Diaspora diye diye


“Barış İçin Ortak Projeler” başlıklı yazıda sözünü ettiğimiz girişimleri diaspora Ermenileriyle birlikte ve onların içinde bulunduğu koşulları göz önünde bulundurarak geliştirmek önemli bir gereklilik... Türkiye'de, diasporanın daha baştan “milliyetçi, şahin, ırkçı, uzlaşmaz, katı” gibi sıfatlarla tu kaka edilmesi hem kolaycı, hem de çözüme katkıda bulunmayan bir yaklaşımdır (bazı diaspora çevrelerindeki “Türklerden bir şey olmaz!” tavrının bundan farkı olmadığını söylemeye gerek var mı?). Temmuz 2002'de, Helsinki Yurttaşlar Derneği tarafından düzenlenen “Türk Ermeni Diyaloğunda Sivil Yaklaşımlar” toplantısında konuşan değerli tarihçi Mete Tunçay, diyaloğu sağlama yolunda kendince bir önem sıralaması yapmış, yurttaşı olduğu Türkiye Ermenilerinin ve komşu Ermenistan halkının kaygılarının kendisi için çok daha önemli olduğunu belirtmiş, sorunlu bir grup olarak gördüğü diaspora Ermenilerini son sıraya yerleştirmişti. Bugün İstanbul Ermenileri de, üzerlerindeki siyasi baskıların etkisiyle olsa gerek, yabancı topraklarda Ermeni dilini ve kültürünü koruyup geliştirmek için nesillerdir muazzam bir çaba harcayan ve Ermenistan'la iletişimin bugünkü kadar kolay olmadığı 80 yıl boyunca pek çok alanda öncülük eden diasporayı bir kalemde silip atmaya çok zaman teşnedir. Bu tutum adil ve hakbilir olabilir mi?

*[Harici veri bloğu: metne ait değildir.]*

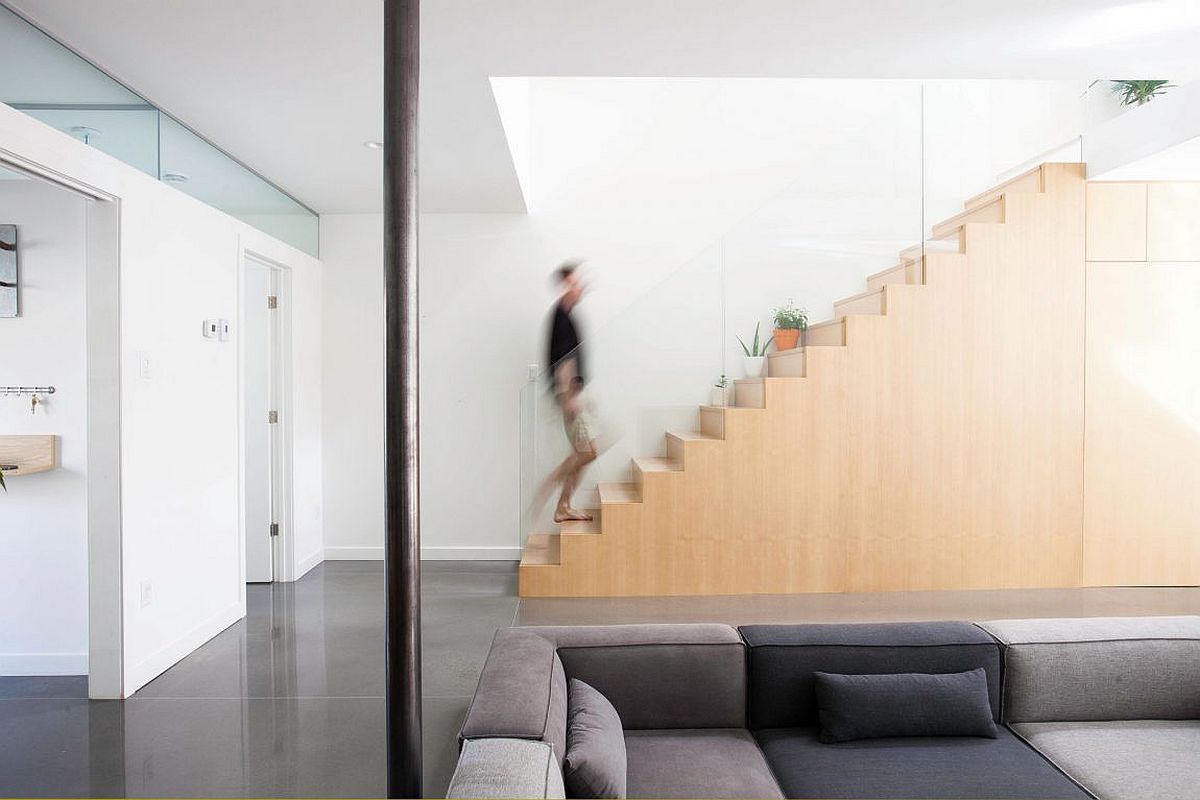 Custom built staircase in ash wood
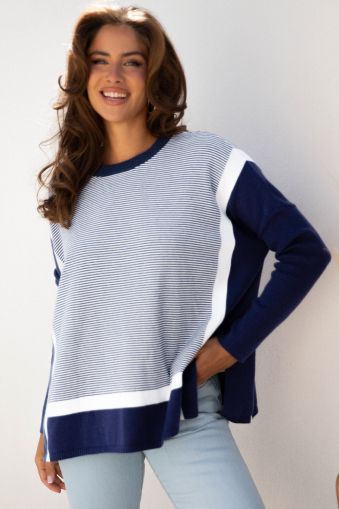 Women’s Blue Stripe Color Block Oversized Tunic Sweater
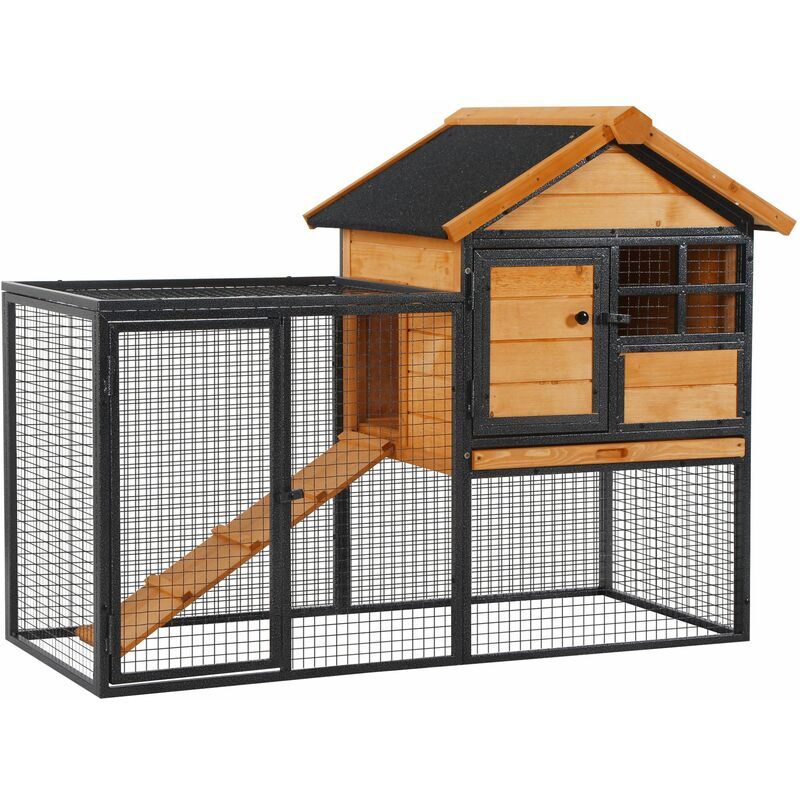 PawHut Wood-metal Rabbit Hutch Elevated Pet House Outdoor 122 x 63 x 92cm - Light Yellow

Yüzyıl önce Anadolu topraklarında yaşayıp katledilen veya topraklarından koparılan kuşağın ağır travmasını miras alan bugünkü diasporayla empati kurmayan, onun üzerinde yaşadığımız coğrafyayla manevi bağını hiçe sayan böylesi bir yaklaşım için barışçıldır denilebilir mi? Türkiyelilerle Ermeniler arasında bir barışmanın umudunu içimizde taşımaya devam edeceksek, bunun yolu öncelikle, sivil bir diyaloğa katılmaya istekli olanların bir araya gelecekleri zemini oluşturmaktan geçiyor. Türkiye'de de, diasporada da, Ermenistan'da da bu adımı atmaya istekli kesimlerin –sınırlı da olsa– varlığı sır değil. Çerçeveyi genişletecek hamleler bu ilk adımların atılmasına bağlı. Kimi kulaklara garip geleceğini biliyor ama söylemekten kendimi alamıyorum: Unutmamalı, diaspora bu topraklara aittir, Anadolu'nun diasporasıdır; asıl mağdur, asıl barışılması ve özür dilenmesi gerekendir.